David Baugh feels he has a good shot at playing big-time college basketball.
As a 6-foot-5-inch forward on the Turner-Carroll High School basketball team, he has had the opportunity to impress college scouts because the school is a basketball powerhouse and went to the state championship last season while compiling a 21-6 record.
But David said Turner-Carroll means more to him than basketball and if eliminating the sport would help keep the school open, he would favor it.
"I would stay here even if they dropped basketball," he said Friday.

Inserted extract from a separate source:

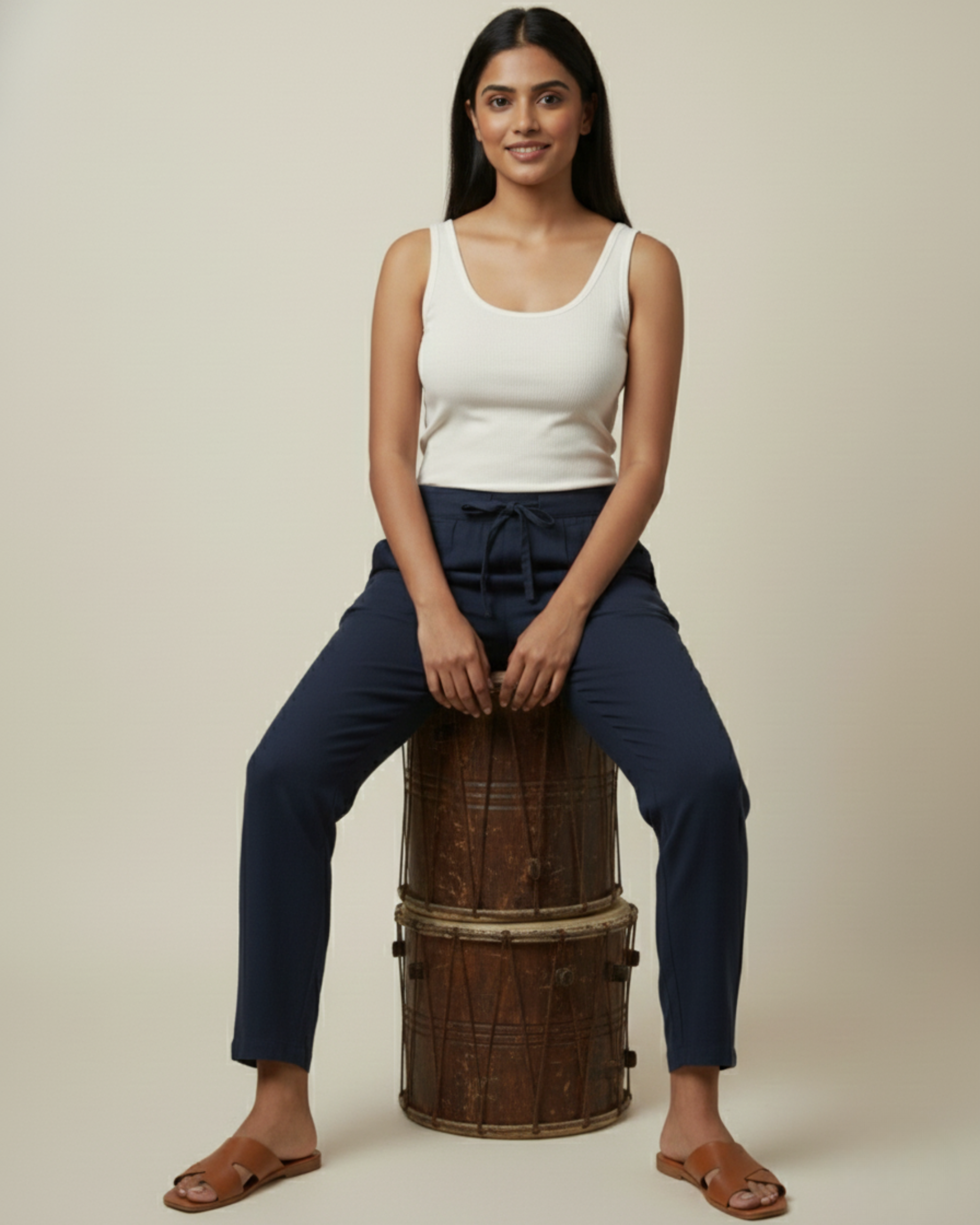 Women Premium Navy Blue Cotton Linen Pant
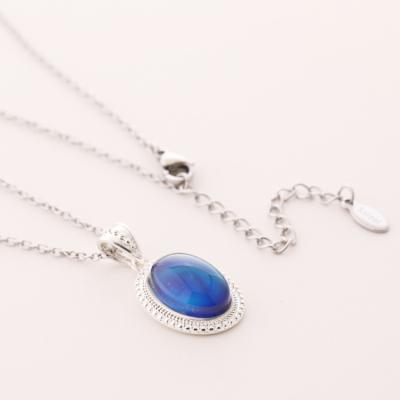 China 2021 BOHEMIA Gift Stainless Steel Chain Rhodium Plated Mood Stone Top Selling Pendant Necklace For Women for sale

But as it is, he and other teammates are talking about transferring to St. Joseph's Collegiate Institute or Canisius High School. Prospects that Turner-Carroll will reopen in the fall do not appear good, after the Diocese of Buffalo announced it was being forced to eliminate the $550,000 annual subsidy it provides the school.
Still, there was a lot of talk -- or perhaps wishful thinking -- of "miracles" and "guardian angels" Friday by those hoping to come up with a way to keep the school open.
More ideas will be discussed during a meeting of parents at noon today at the school.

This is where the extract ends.